- Georgalos ha implementado suspensiones rotativas que afectan a todos sus 600 operarios debido a la caída en las ventas.
- La Salteña enfrenta atrasos salariales y deudas acumuladas desde 2024, poniendo en riesgo 180 puestos de trabajo.
- Las grandes empresas alimenticias como Arcor y Molinos también reportan presión sobre sus volúmenes de venta y rentabilidad.
- La apertura comercial y la competencia de importaciones desde Brasil han exacerbado la crisis en las pymes del sector.
- El sindicato de trabajadores de La Salteña ha planteado la necesidad de buscar un nuevo propietario para la empresa debido a su deterioro financiero.
La crisis del consumo en Argentina está afectando gravemente a las pequeñas y medianas empresas del sector alimenticio, como Georgalos y La Salteña. En el caso de Georgalos, la emblemática firma conocida por productos como el Mantecol, ha implementado suspensiones rotativas que afectan a sus 600 operarios debido a un drástico derrumbe en las ventas. Esta situación se ha intensificado con nuevas rondas de suspensiones que han alcanzado incluso a empleados con más de 30 años de antigüedad, lo que ha generado un clima de tensión y temor entre los trabajadores sobre posibles despidos.
Por otro lado, Alijor, la empresa detrás de La Salteña, enfrenta un panorama aún más complicado. Desde hace meses, la compañía ha acumulado atrasos salariales y ha incumplido con proveedores, lo que ha llevado a protestas de los trabajadores. Se estima que alrededor de 180 puestos de trabajo están en riesgo, y el sindicato ha comenzado a plantear la necesidad de buscar un nuevo propietario para la empresa, reflejando la gravedad de la situación financiera.
El contexto del mercado alimenticio en Argentina es preocupante. Las grandes empresas como Arcor y Molinos Río de la Plata también han reportado una fuerte presión sobre sus volúmenes de venta y rentabilidad, aunque cuentan con mayor capacidad financiera y diversificación. Sin embargo, las pymes, que dependen casi exclusivamente del mercado interno, están sufriendo de manera más aguda. La apertura comercial y la competencia de importaciones, especialmente desde Brasil, han exacerbado la crisis, dificultando aún más la situación de las empresas locales.
Los datos recientes muestran que el consumo masivo ha caído de manera generalizada, afectando a todas las empresas del sector alimenticio. Las grandes firmas han comenzado a ajustar sus operaciones, mientras que las pymes se encuentran en una situación más precaria. La presión sobre los márgenes y la dificultad para acceder a financiamiento son factores que complican aún más la continuidad de estas empresas. En este contexto, la situación de Georgalos y La Salteña es un claro reflejo de los desafíos que enfrenta el sector alimenticio en Argentina.

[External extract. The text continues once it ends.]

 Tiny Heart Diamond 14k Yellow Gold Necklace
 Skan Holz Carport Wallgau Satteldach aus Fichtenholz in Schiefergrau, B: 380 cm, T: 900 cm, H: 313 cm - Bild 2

A futuro, es crucial monitorear cómo estas empresas gestionan sus crisis y si logran encontrar soluciones viables. La posibilidad de despidos y la necesidad de reestructuración son temas que podrían impactar el mercado laboral en el sector alimenticio. Además, la situación de Alijor podría ser un indicativo de la salud financiera de otras pymes en el sector, lo que podría tener repercusiones más amplias en la economía argentina. La evolución de estas crisis será un factor a considerar en el análisis del consumo y la recuperación económica en el país.